Flat tax – There’s no photo that can describe how much credit Estonia has given to instituting a flat tax. The way right-leaning newspapers gush over Estonian economic reforms you’d think that Estonia was no longer a land of old ladies who’ve been wearing the same clothes (and looking at the same wallpaper) for 30+ years. Just check out the news this month. Read about Estonia in the Global Politician, Voice of America, or L’Express. From Mauritius to Manhattan they’ve all heard of the Estonian flat tax revolution.

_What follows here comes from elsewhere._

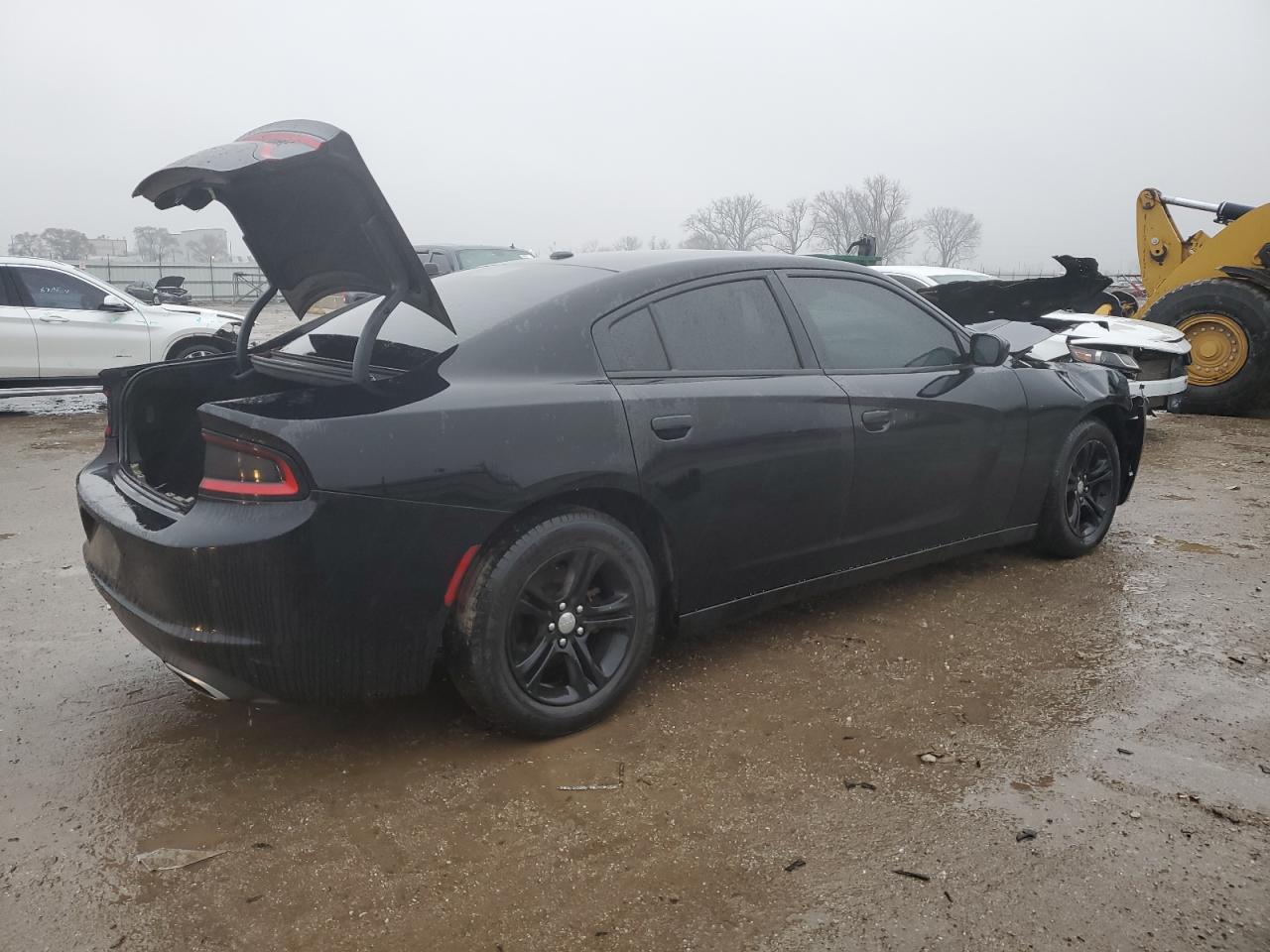 VIN 2C3CDXBG6GH347749 2016 DODGE CHARGER no.3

Nice Beaches – That’s why everyone comes. It’s not the deep harbors. It’s not even the attractive women. Danes, Swedes, Germans, Russians, Poles. They all came – and are still coming – for the nice beaches. Even if summer only lasts two weeks.
It seems silly, but when you consider that Sweden and Finland harbor mostly rocks and little sand, you can understand why they are more eager to go across the sea to Estonia than to take a plane to Thailand.
Markko Märtin – If you follow off-road racing, you’ve heard of this gentleman. Märtin sadly lost his partner, Michael Park, last year, but Estonia erected a monument to Park in his honor in Tallinn. Even the prime minister showed up to express his sympathies.
British Stag Parties – from Red Seven, the “World’s Leaning Hen and Stag Company” –
What a difference the collapse of Communism has made! Some things may have stayed the same – the narrow, cobbled winding streets and medieval walls remain from centuries ago, making this capital of Estonia an undeniably beautiful city. Yet what was once a sleepy Baltic backwater is now one of the most vibrant Stag party destinations in Europe.
Free from the masses that have descended upon Prague, Tallinn is now rightly cultivating a reputation for offering those essential Stag weekend ingredients: plenty to see, plenty to do, plenty of gorgeous women, cheap food and drink, fantastic daytime activities and amazing nightlife. What more do you want?!
Wife Carrying Record Holders – Estonia has won every single Wife Carrying Championship held in Sonkajärvi, Finland since 1998.
In 2003, Margo Uusorg and Egle Soll set a world record of one minute and 0,7 seconds.
The Estonian Genome Project –
The Estonian Genome project hasn’t spun out its own DeCode Genetics just yet, but it still put a very small country on the map for anyone interested in genetics/genomics.
Cheap (and skilled) Labor – From New York to London to Sydney, Estonian workers are painting ships, remodeling apartments, waiting tables, and babysitting the children of privilege.
Before 1991, they had to flee a repressive political system. These days they just have to buy some tickets ahead of time on RyanAir.
Juhan Parts – Cockheaded and cocksure, Peaminister Juhan must have felt swell when he got to run the Estonian government, shake hands with Tony Blair, join the EU, and join NATO – all before his 40th birthday.
Sure, he’s out of the spotlight now, but rest assured, Juhan will be back.
Flustered Putin – There was nothing better than watching Vladimir Putin’s brow wrinkle and his voice grow tighter every time the Balts mentioned the word “occupation” in the runup to his big Communist party in Moscow in 2005.
Plentiful Booze – Being a nation of functional alcoholics, Estonia has established itself as the place to get drunk. Finns come to load up and then bring some home. And most others’ tales of Tallinn usually include hazy memories, finding secluded places to pee, and perhaps, even getting sick in Old Town.
And that’s just fifteen things. We left out Lennart Meri, Edgar Savisaar, Kalev chocolates, and Rakvere meats. If you have anything else to add, please do!